An exact transcription of every entry is required. Images are not part of it.

=== Section Start ===

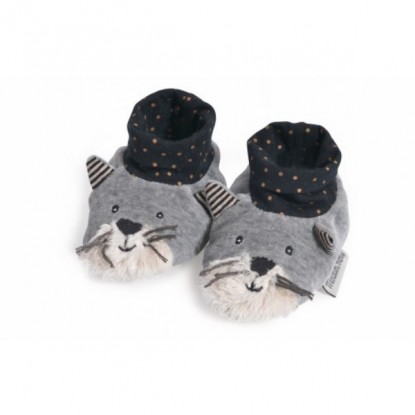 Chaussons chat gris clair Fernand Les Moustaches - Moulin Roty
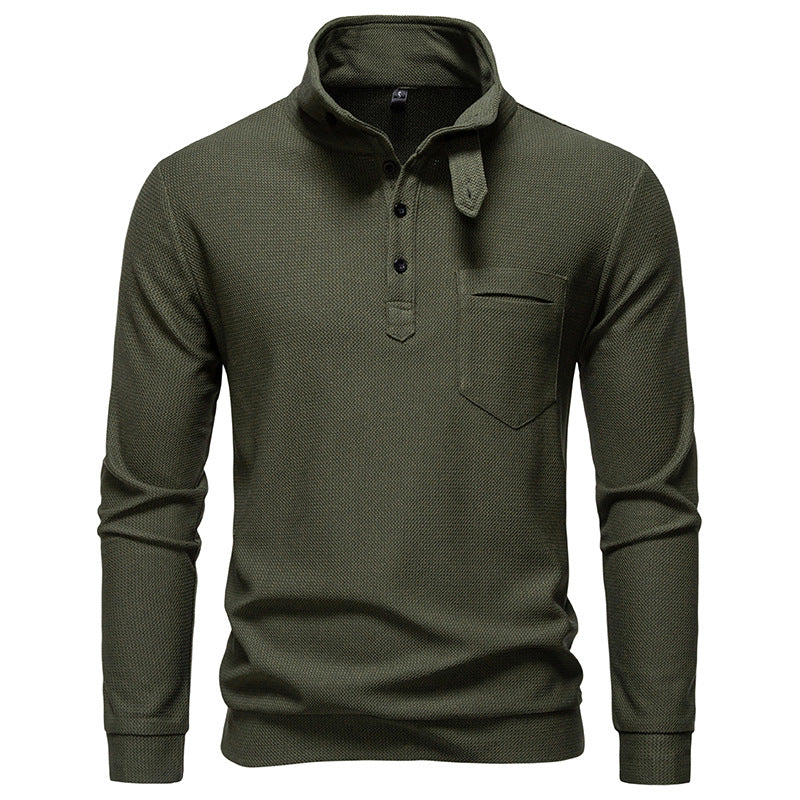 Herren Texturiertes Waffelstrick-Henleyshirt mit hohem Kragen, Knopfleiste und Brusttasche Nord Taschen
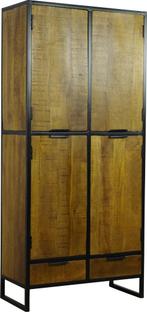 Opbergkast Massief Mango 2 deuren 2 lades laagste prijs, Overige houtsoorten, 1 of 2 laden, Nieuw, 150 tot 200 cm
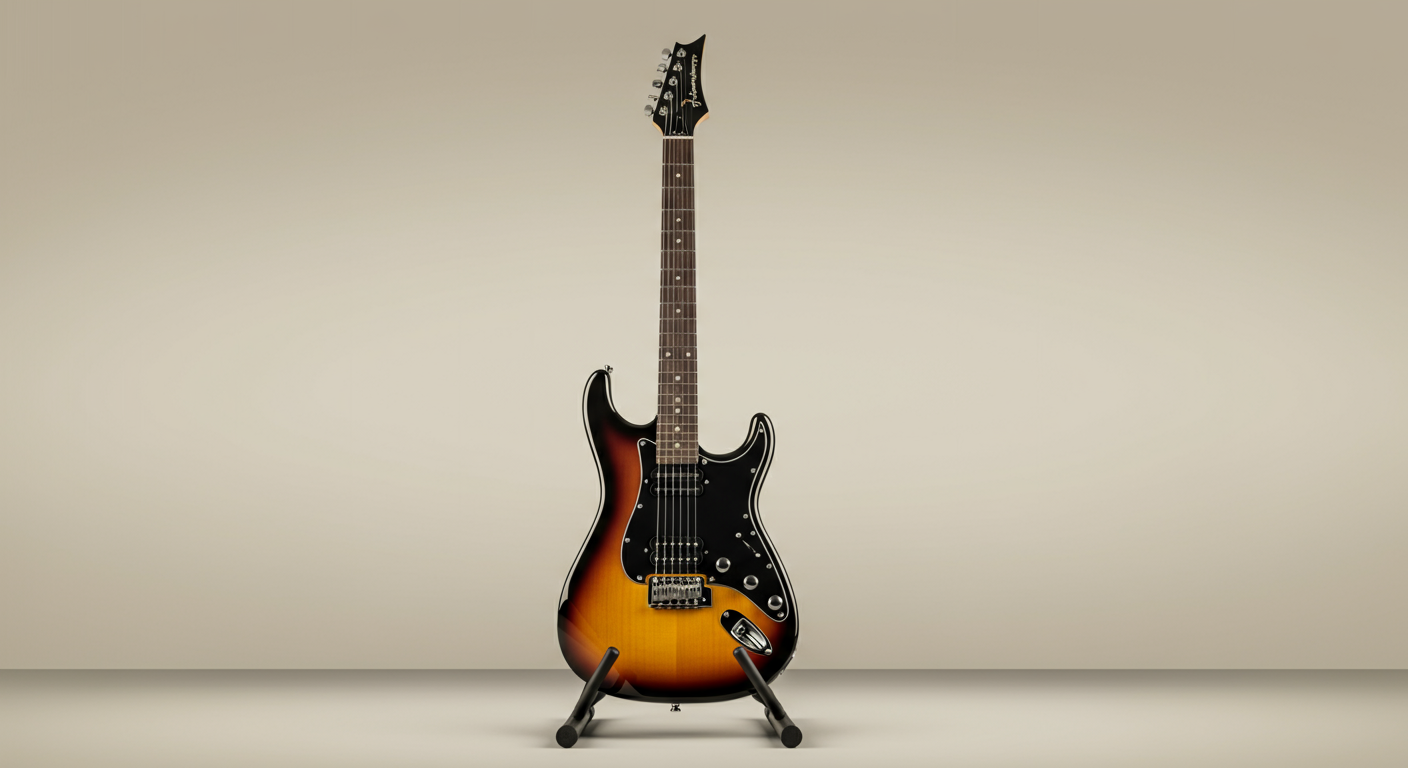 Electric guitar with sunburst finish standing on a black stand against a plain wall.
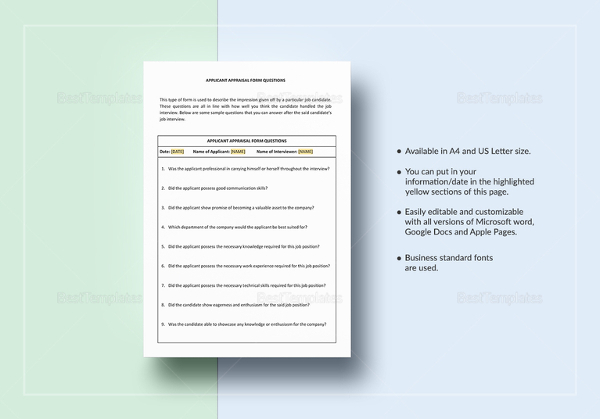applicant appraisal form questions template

=== Section End ===

**Response area:**
 Chaussons chat gris clair Fernand Les Moustaches - Moulin Roty
 Herren Texturiertes Waffelstrick-Henleyshirt mit hohem Kragen, Knopfleiste und Brusttasche Nord Taschen
 Opbergkast Massief Mango 2 deuren 2 lades laagste prijs, Overige houtsoorten, 1 of 2 laden, Nieuw, 150 tot 200 cm
 Electric guitar with sunburst finish standing on a black stand against a plain wall.
applicant appraisal form questions template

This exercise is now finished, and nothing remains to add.